» **Short descriptive text snippets**
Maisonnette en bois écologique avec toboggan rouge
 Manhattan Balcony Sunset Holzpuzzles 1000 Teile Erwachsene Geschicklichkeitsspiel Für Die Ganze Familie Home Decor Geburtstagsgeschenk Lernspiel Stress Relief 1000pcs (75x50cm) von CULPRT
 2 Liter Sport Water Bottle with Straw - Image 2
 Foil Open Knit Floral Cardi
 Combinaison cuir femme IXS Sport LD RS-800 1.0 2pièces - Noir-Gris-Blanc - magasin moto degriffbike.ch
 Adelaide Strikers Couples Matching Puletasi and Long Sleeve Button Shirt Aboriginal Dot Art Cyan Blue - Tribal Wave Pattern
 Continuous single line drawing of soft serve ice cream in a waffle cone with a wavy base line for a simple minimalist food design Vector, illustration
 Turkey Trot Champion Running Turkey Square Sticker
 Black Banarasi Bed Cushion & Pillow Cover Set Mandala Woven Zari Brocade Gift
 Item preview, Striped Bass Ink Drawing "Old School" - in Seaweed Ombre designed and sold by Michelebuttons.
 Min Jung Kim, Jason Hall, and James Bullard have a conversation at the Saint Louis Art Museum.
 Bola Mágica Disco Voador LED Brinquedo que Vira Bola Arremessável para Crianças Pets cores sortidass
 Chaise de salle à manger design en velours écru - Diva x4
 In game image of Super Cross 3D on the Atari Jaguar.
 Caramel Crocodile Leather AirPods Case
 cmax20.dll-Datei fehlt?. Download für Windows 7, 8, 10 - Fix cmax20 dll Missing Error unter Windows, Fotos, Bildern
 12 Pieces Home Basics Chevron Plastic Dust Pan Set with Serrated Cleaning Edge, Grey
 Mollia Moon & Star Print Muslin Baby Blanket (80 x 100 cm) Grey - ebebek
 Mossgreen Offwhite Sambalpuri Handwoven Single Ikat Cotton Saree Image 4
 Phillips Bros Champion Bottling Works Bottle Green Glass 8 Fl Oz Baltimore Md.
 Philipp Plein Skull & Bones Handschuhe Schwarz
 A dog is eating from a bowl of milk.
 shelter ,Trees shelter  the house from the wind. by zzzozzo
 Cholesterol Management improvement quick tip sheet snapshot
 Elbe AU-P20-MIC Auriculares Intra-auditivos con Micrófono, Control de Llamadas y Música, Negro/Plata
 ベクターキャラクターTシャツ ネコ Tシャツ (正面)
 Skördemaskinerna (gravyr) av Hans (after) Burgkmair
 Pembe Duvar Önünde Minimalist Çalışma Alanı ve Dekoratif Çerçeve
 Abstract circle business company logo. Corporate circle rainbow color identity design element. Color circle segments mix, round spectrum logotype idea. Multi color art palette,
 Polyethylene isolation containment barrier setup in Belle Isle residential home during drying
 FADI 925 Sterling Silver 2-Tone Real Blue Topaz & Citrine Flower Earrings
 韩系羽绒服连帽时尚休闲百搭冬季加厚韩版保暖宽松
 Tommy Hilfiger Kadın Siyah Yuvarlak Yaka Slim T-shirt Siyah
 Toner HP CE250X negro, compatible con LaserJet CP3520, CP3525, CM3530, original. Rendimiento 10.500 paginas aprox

» **Problem description**
Report how many lines of the data hold the string "Champion"; give only the number.

» **Answer area**
2